> [RECORD EXTRACTS]:
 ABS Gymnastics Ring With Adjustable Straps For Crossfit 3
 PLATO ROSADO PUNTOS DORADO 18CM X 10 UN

==

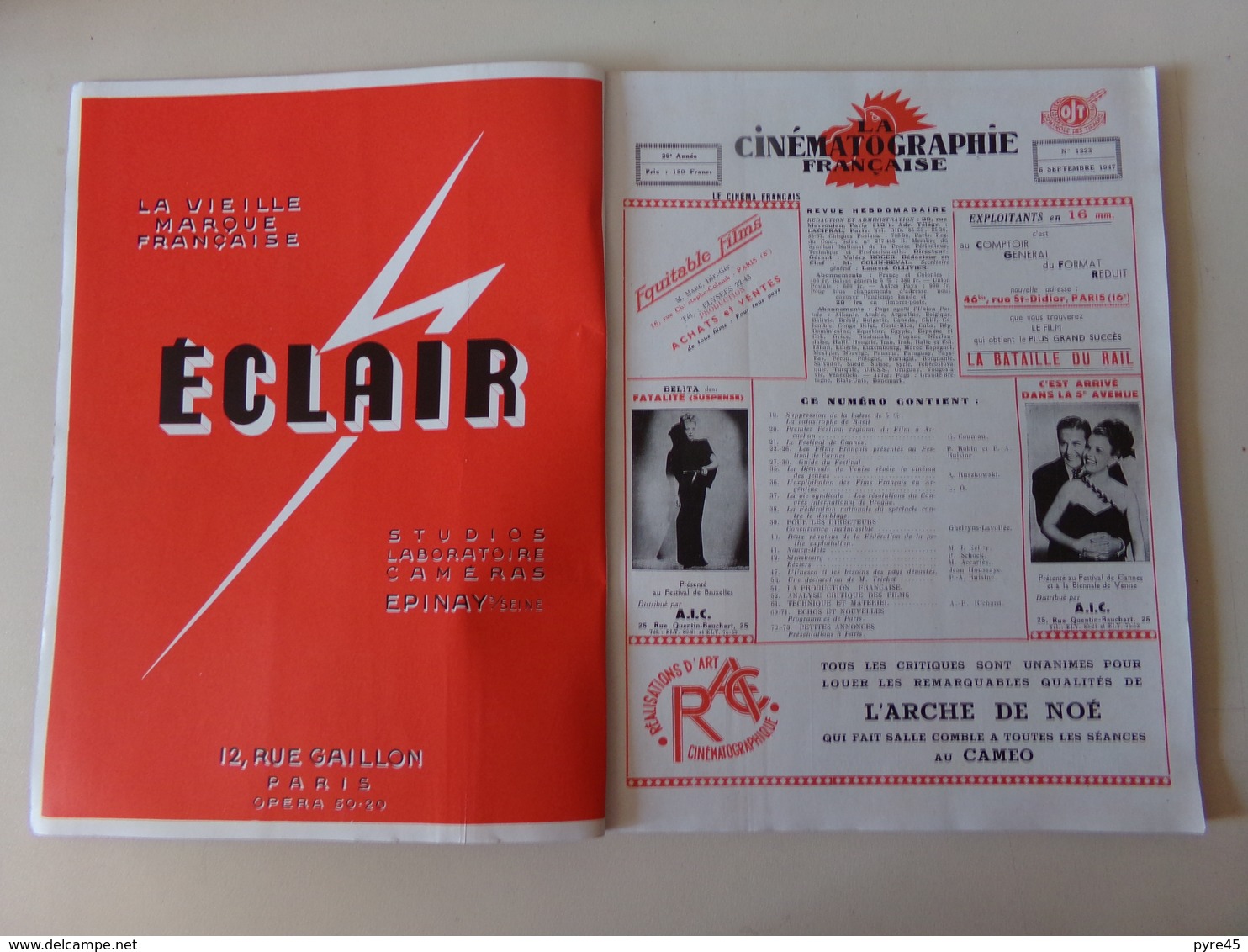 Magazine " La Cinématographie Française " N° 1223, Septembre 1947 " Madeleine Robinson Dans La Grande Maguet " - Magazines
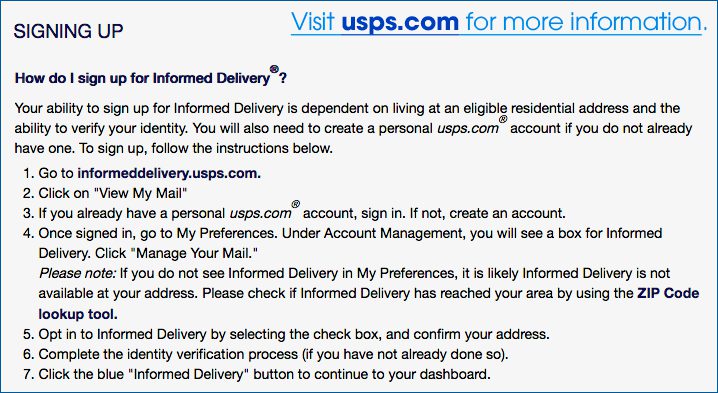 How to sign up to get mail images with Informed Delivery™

> [WHAT THIS TASK INVOLVES]:
From the records above, reproduce exactly the lines from the one with "ABS Gymnastics Ring" to the one with "PLATO ROSADO PUNTOS DORADO 18CM X 10 UN", both included, and no others.

> [SOLUTION]:
 ABS Gymnastics Ring With Adjustable Straps For Crossfit 3
 PLATO ROSADO PUNTOS DORADO 18CM X 10 UN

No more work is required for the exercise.